There he met and was sitting in with Jimmy Rogers, Muddy Waters, Howling Wolf, Little Walter, Hound Dog Taylor, Robert Lockwood, Jr., and Elmore James. Myers played drums with Elmore James on a fairly steady basis from 1952 until James's death, in 1963, and is credited on many of James's historic recordings for Chess Records. In 1956, Myers wrote and recorded what was to be his most famous single, "Sleeping in the Ground", a song that has been covered by Blind Faith, Eric Clapton, Robert Cray, and many other blues artists; it was also featured on Bob Dylan's Theme Time Radio Hour show on "Sleep".

From the early 1960s until 1986, Myers worked clubs in and around Jackson and across the South in the (formerly) racially segregated string of venues known as the Chitlin' Circuit. He also toured the world with Sylvia Embry and the Mississippi All-Stars Blues Band.

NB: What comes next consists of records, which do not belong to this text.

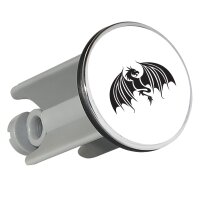 Waschbeckenst&ouml;psel Drache Silhouette 4cm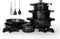 Royalty Line® OS1014 - Pannenset Inductie - 17 Delige - PFOA & PTFE Vrij - Zwart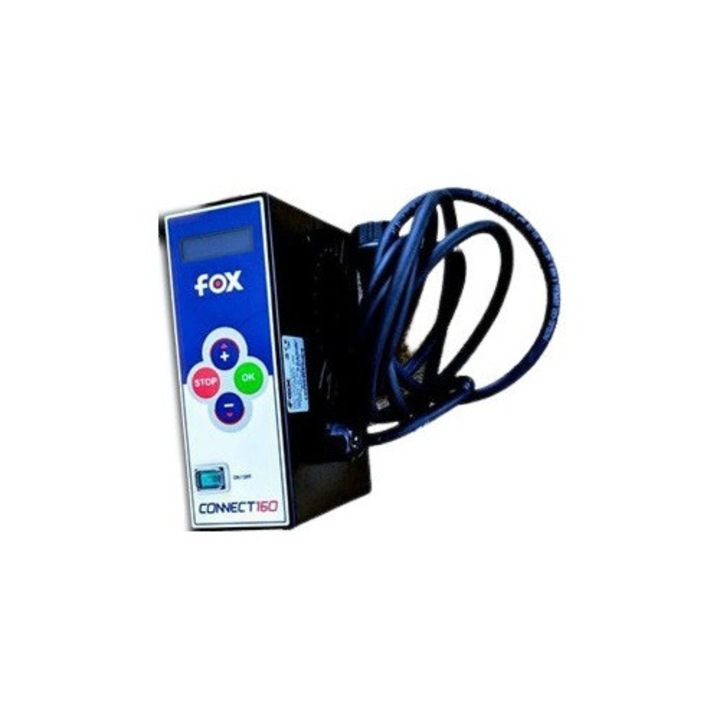 Aparat de sudura prin electrofuziune, Fox, Connect 160, Albastru/Rosu, 60 A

In 1986, Myers met Anson Funderburgh, from Plano, Texas, and joined his band, The Rockets. Myers toured all over the US and the world with the Rockets, enjoying a partnership that endured until the time of his death, from complications due to surgery for throat cancer, on July 17, 2006, in Dallas, Texas. Just before Myers died, he toured as a solo artist in Sweden, Norway and Denmark, with the Swedish band Bloosblasters.

==Legacy==
That same year, the University Press of Mississippi published Myers's autobiography, Sam Myers: The Blues is My Story. The writer Jeff Horton, whose work has appeared in Blues Revue and Southwest Blues, chronicled Myers's history and delved into his memories of life on the road.

==Awards==
Myers and the Rockets collectively won nine W. C. Handy Awards, including three awards in the category Band of the Year and the 2004 award for Best Traditional Album of the Year. In 2005, Myers's album Coming from the Old School was nominated in the category Traditional Blues Album of the Year.

In January 2000, Myers was inducted into the Farish Street Walk of Fame in Jackson, Mississippi, an honor he shares with Dorothy Moore and Sonny Boy Williamson II. In 2006, just months before Myers died, the Governor of Mississippi presented him with the Governor's Award for Excellence in the Arts, and he was named the state's Blues Ambassador by the Mississippi Arts Commission.